Listening to the Movies

The other day I wanted to watch a movie, but I was too tired. My eyelids were heavy as barbells. I wasn’t really sleepy, just too tired to focus on a movie. I put the movie on and got comfortable, closing my eyes.

Yes, film is a visual media, but it is also a sound experience too. The advent of sound changed the film industry and many careers. While silent films tended to have live music accompaniment and title cards, audiences would discover additional storytelling textures beyond what they were used to enjoying.

What followed was an interesting experience. No drugs were consumed in any of these screening, nor thoughts of any Kardashians.

I’ve seen Bull Durham (1988) many times, so the movie is quite familiar to me. A movie that is well-known can still provide something new.

Crash and Nuke

Without looking at the TV, I followed the movie perfectly. Having watched this so many times, the images were stored in my brain, and were easily dialed-up as a new scene started. Of course, I recalled the comedic elements, even those that were more visible than spoken. A familiar movie like this one is probably unfair to use as an experiment, but I quickly found that I began focusing on aspects other than the words or story points, because I knew them already.

Music, not just popular songs, is important in Ron Shelton films. He uses recognizable songs in key places. From “Rock Around the Clock” and “Centerfield,” to more character-specific like Edith Pilat’s “La Vie en Rose” and George Thorogood’s “Born to Be Bad,” popular songs convey both mood and something about the characters in the scene. Incidental music by Michael Convertino is incredibly effective as well. “Love” is used to emotionally link a montage toward the end of the film. It conveys loneliness, disappointment and melancholy as Crash Davis finishes his baseball career without fanfare, Annie goes about her emptier life without with Crash or Nuke as summer gives way to the rainy and melancholy fall season. “Love” is one of the best pieces of instrumental music I’ve ever heard in a movie.
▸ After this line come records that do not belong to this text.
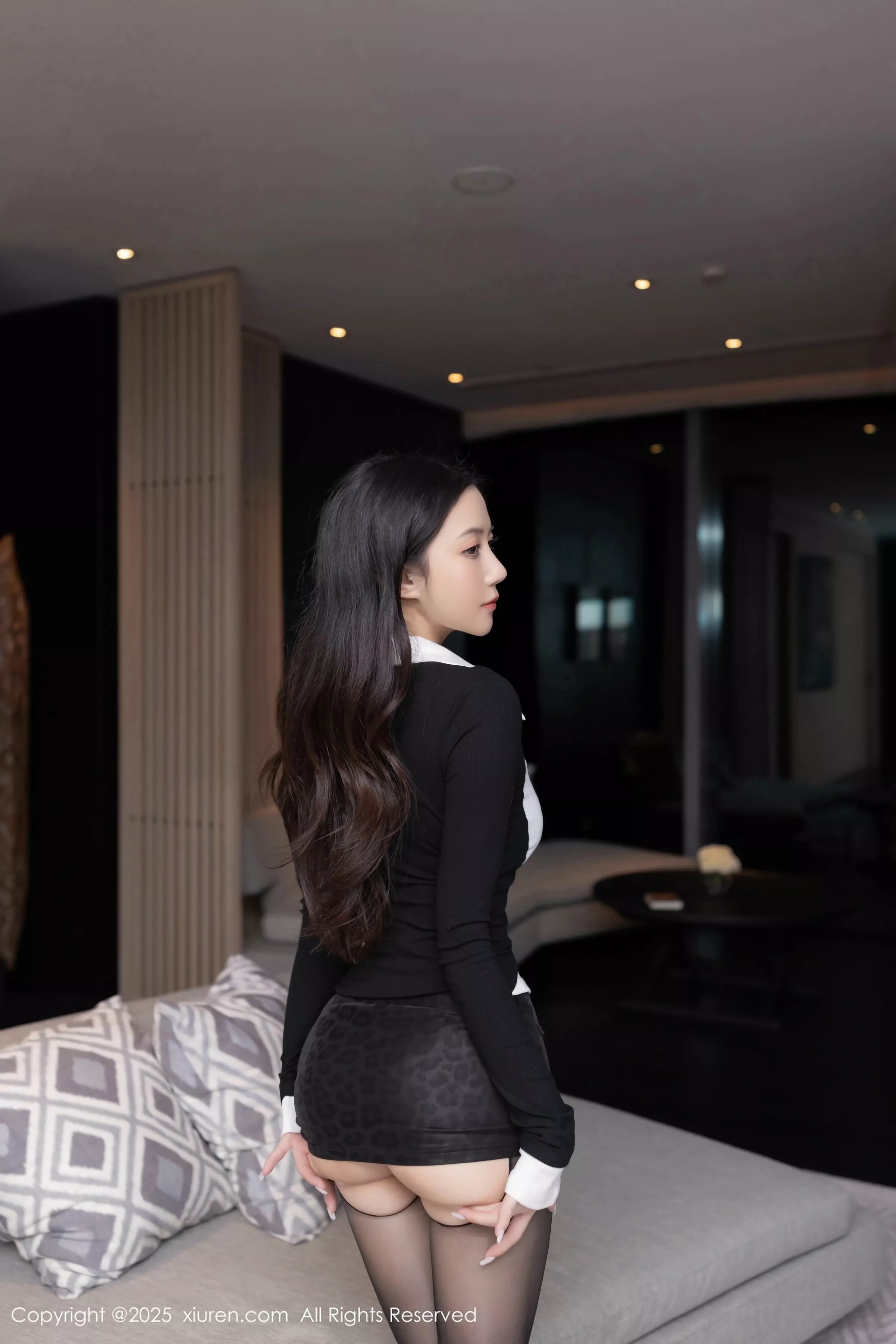 秀人集.com_[XiuRen秀人网]No.10353_模特鱼子酱Fish性感黑色学生服饰配开档黑丝秀曼妙身姿诱惑写真80P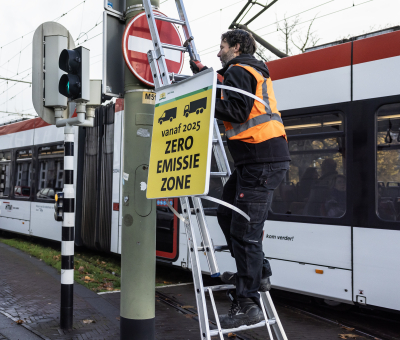 Het bord voor de zero emissie zone in Den Haag krijgt een plek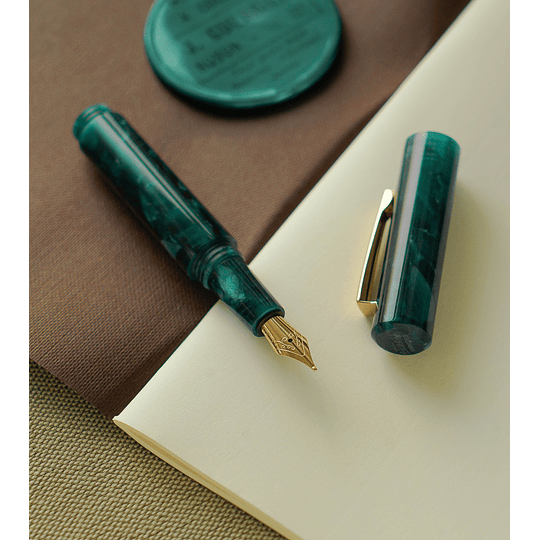 Attaché Pluma Marbled Mint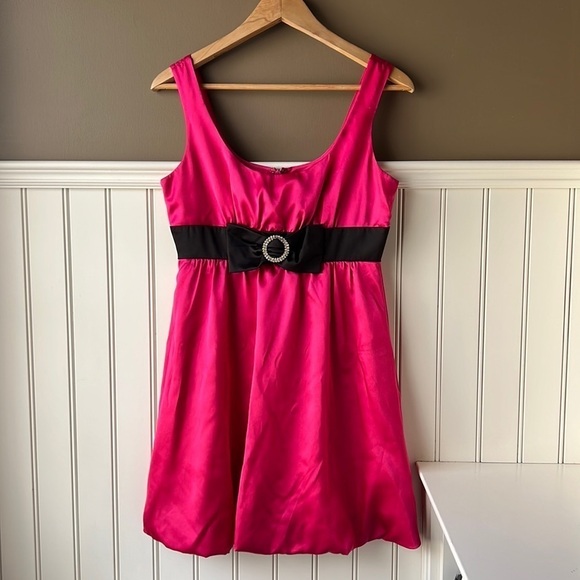 HOT PINK Black Bow Appliqué Mini Dress Size XXS - Picture 13 of 13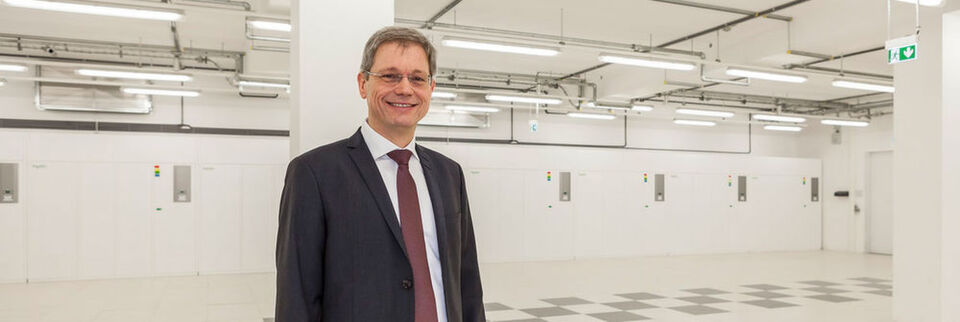 Peter Knapp, Geschäftsführer von Interxion Deutschland, eröffnet das zehnte und bislang größte Rechenzentrum von Interxion in Deutschland. Peter Knapp, Geschäftsführer von Interxion Deutschland, eröffnet das zehnte und bislang größte Rechenzentrum von Interxion in Deutschland.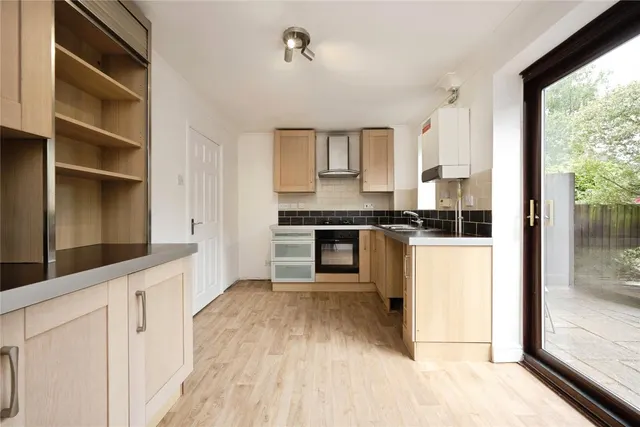 Photo 2 — North Star Drive, Leighton Buzzard, Bedfordshire, LU7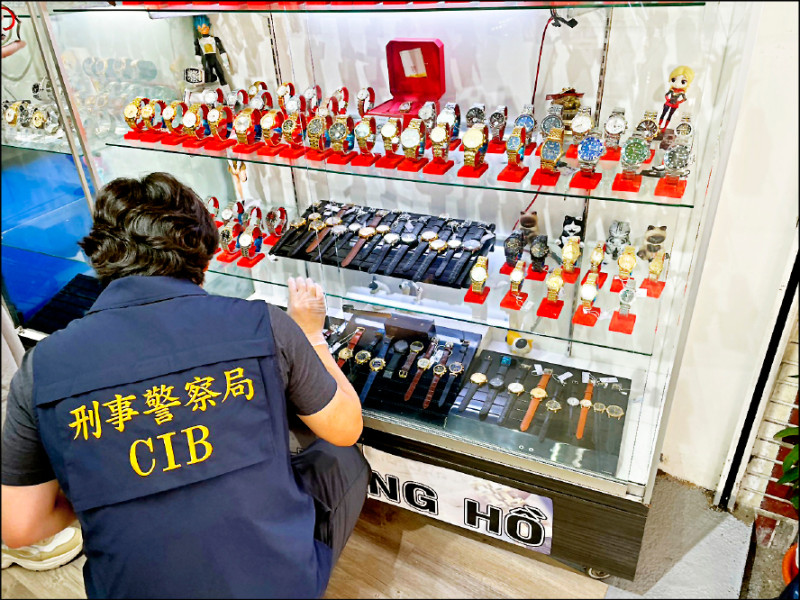 市價百萬名錶賣1萬／越籍夫妻直播賣假錶 侵權6千萬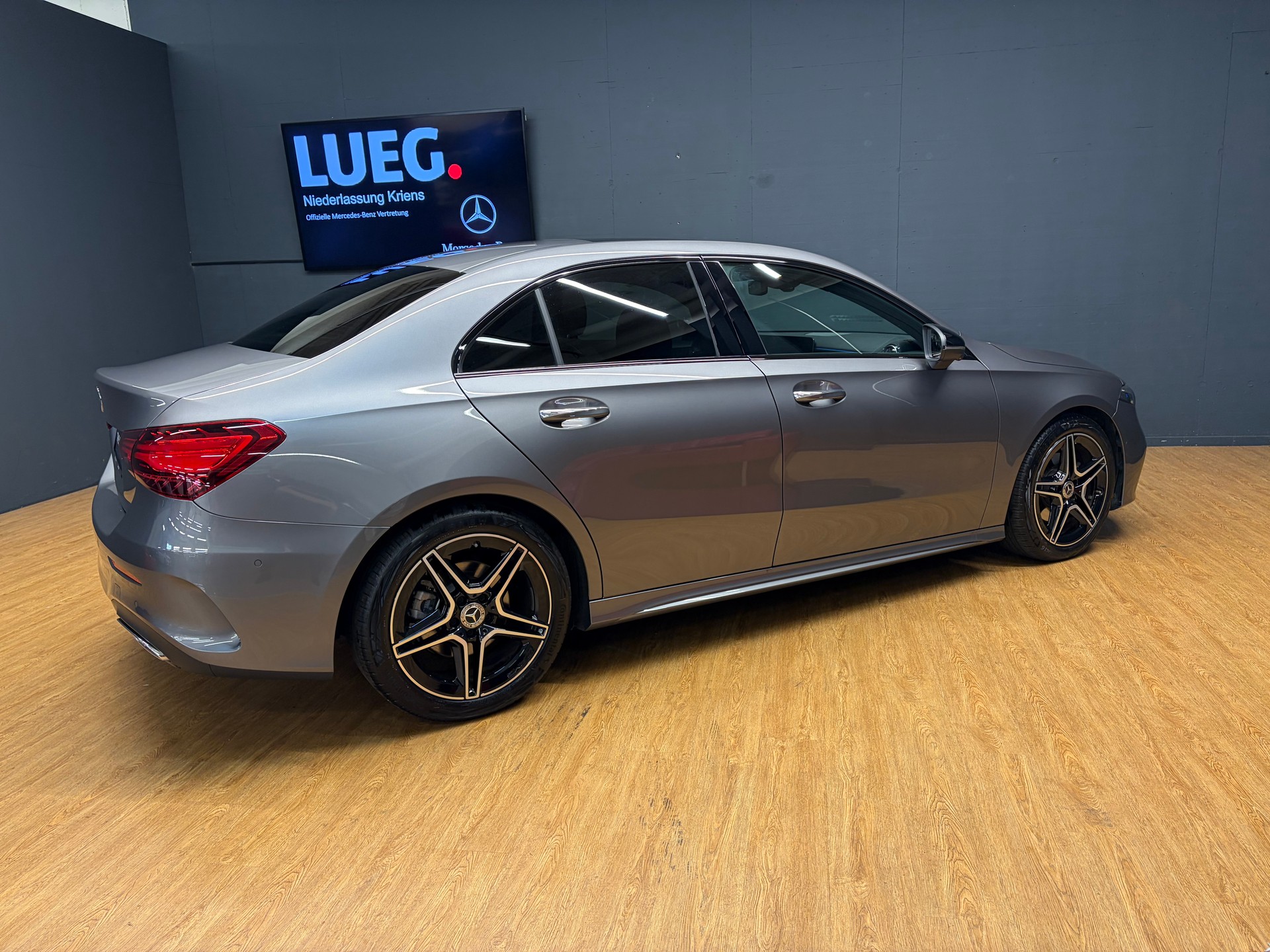 MERCEDES-BENZ A 200 - AMG - Limousine / 360 Grad Kamera / Panorama-Dach / Multibeam LED-image-7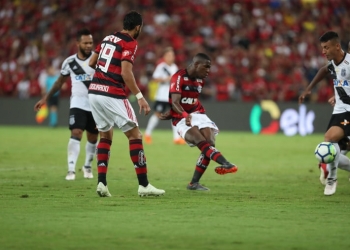 Flamengo empata com a Ponte no Maraca e avança na Copa do Brasil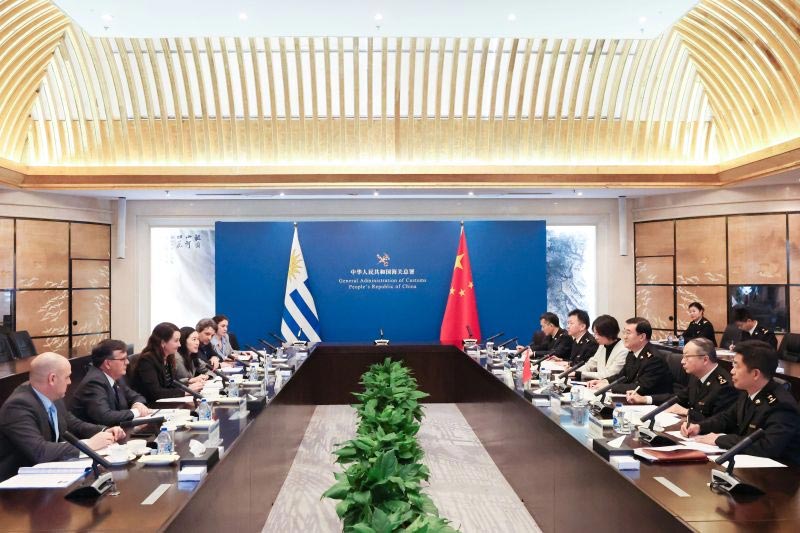 10月30日下午，海关总署副署长赵增连在署会见乌拉圭外交部副部长苏卡西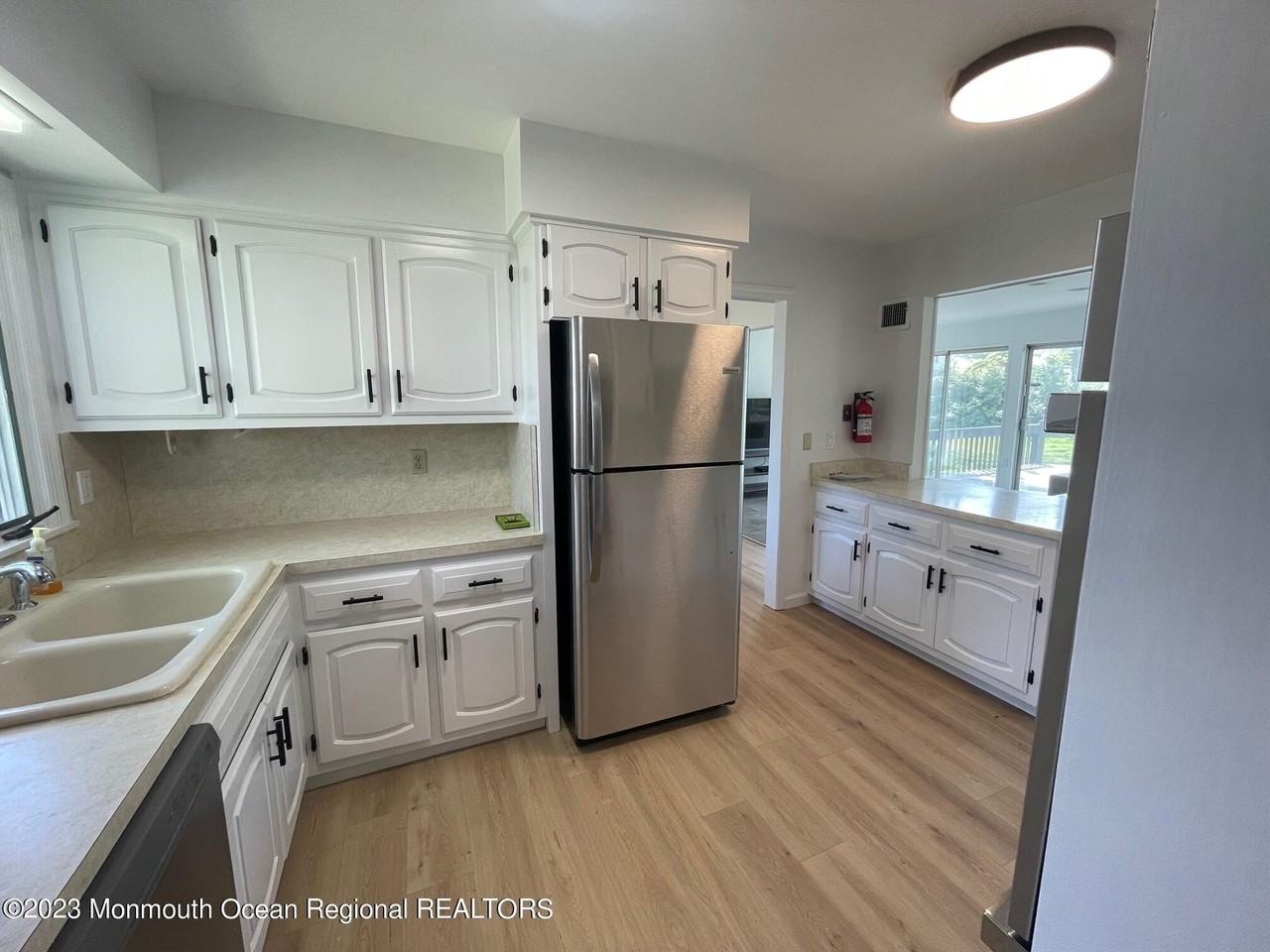 12 Greenbrier Rd - Photo 7 of 16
What I also enjoyed, just listening, was the dialogue in the film. Not the words as much as the rhythms and nuances of how the words are spoken. Shelton is an excellent writer of offbeat characters and in his films there is a great deal of verbal conflict. Characters enter scenes from different angles, their emotions and motivations have conflicting purposes. It is from this conflict that we get to know the characters and the energy drives the story forward. It’s like billiard balls colliding. Smart, crackling dialogue is always interesting.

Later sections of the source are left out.